### What you have to do
Take the records below and set down exactly the lines from the one with "SPL LIGHTING 388000011" to the one with "Méthode d'évaluation", ends included; do not copy the pictures.

### Input records
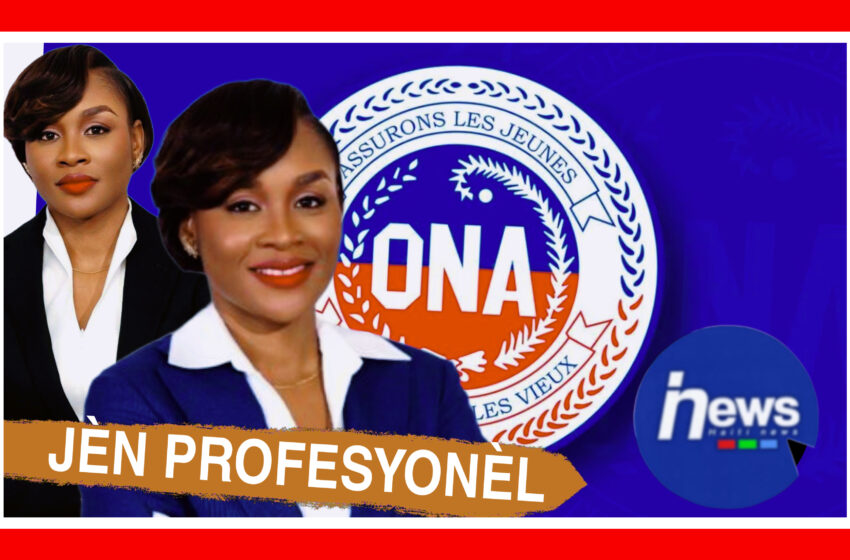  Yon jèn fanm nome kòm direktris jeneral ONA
---
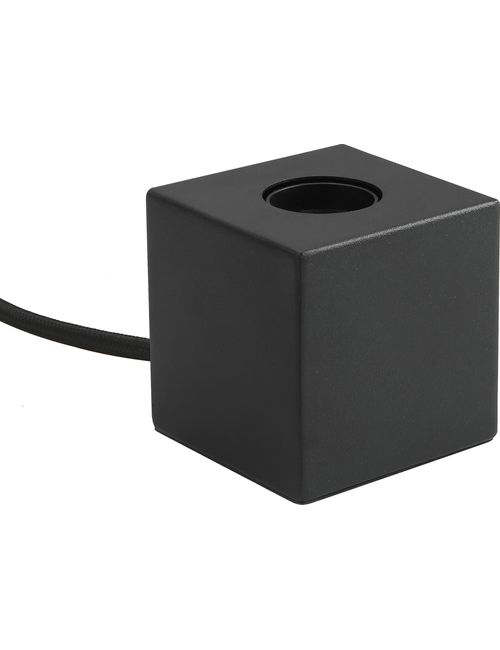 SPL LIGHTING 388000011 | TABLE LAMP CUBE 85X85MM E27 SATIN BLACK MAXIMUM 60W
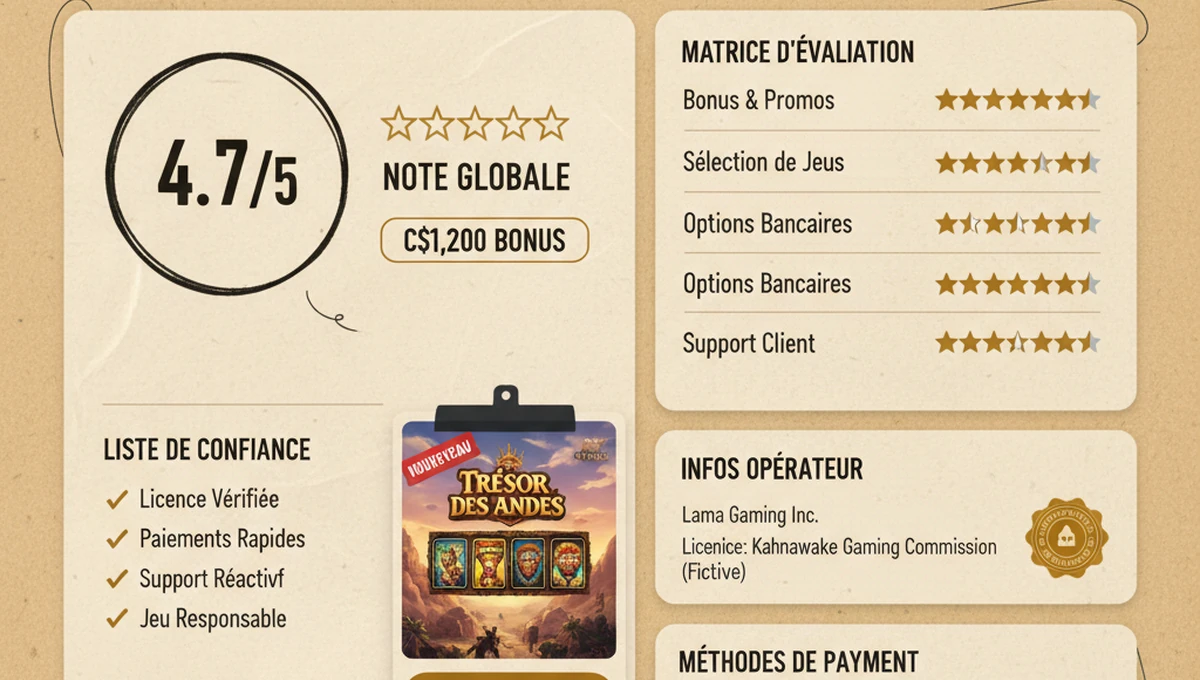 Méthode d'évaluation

### Exercise output
 SPL LIGHTING 388000011 | TABLE LAMP CUBE 85X85MM E27 SATIN BLACK MAXIMUM 60W
 Méthode d'évaluation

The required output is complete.